◆ Work to be completed
Ignoring every picture, return the lines of the listing below word for word, from the line that holds "Christmas Gift Drive" through the line that holds "Emperor - In The Nightside Eclipse CD".

◆ Data for this task
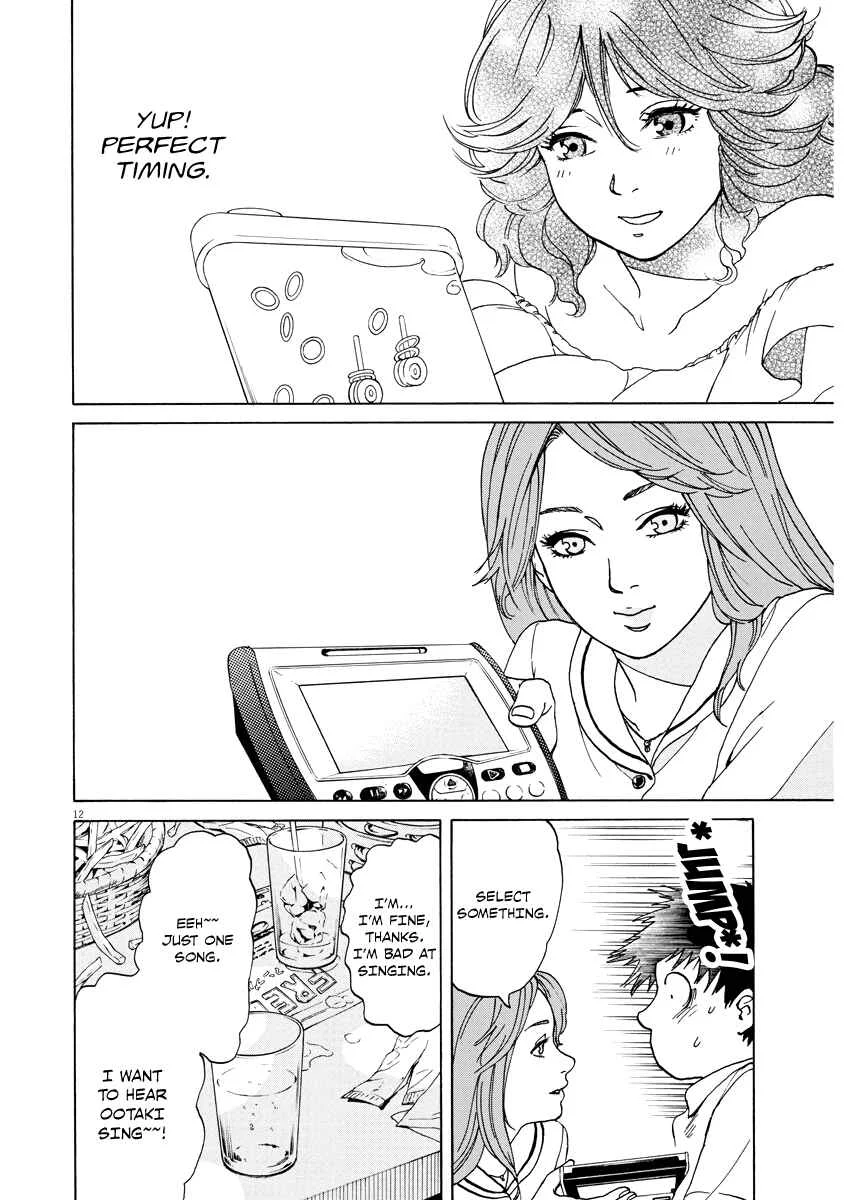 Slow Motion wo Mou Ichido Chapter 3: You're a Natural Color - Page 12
--
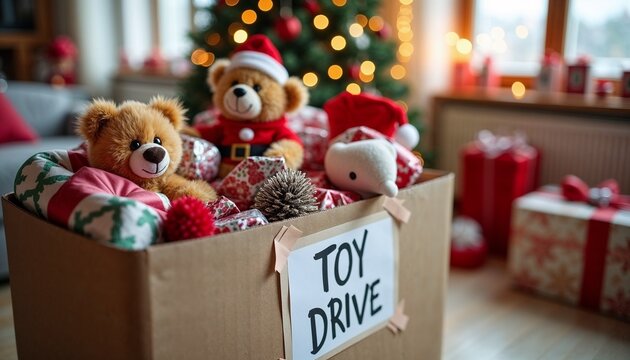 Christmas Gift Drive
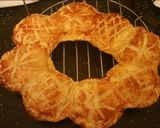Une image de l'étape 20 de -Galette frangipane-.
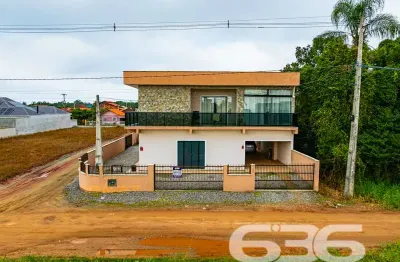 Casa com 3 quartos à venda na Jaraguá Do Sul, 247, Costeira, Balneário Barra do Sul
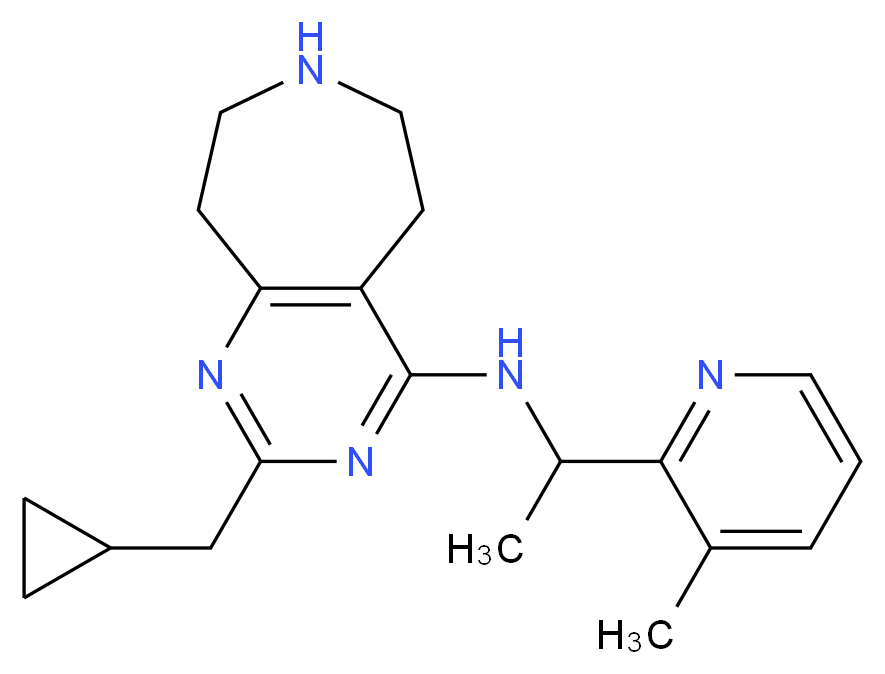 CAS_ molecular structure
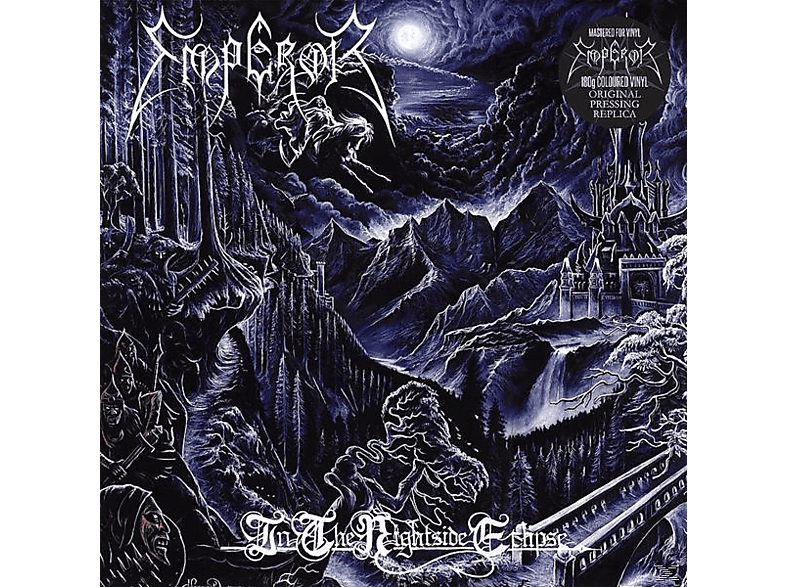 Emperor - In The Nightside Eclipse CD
---
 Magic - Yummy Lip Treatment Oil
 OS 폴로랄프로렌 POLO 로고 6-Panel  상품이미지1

◆ The answer
 Christmas Gift Drive
Une image de l'étape 20 de -Galette frangipane-.
 Casa com 3 quartos à venda na Jaraguá Do Sul, 247, Costeira, Balneário Barra do Sul
 CAS_ molecular structure
 Emperor - In The Nightside Eclipse CD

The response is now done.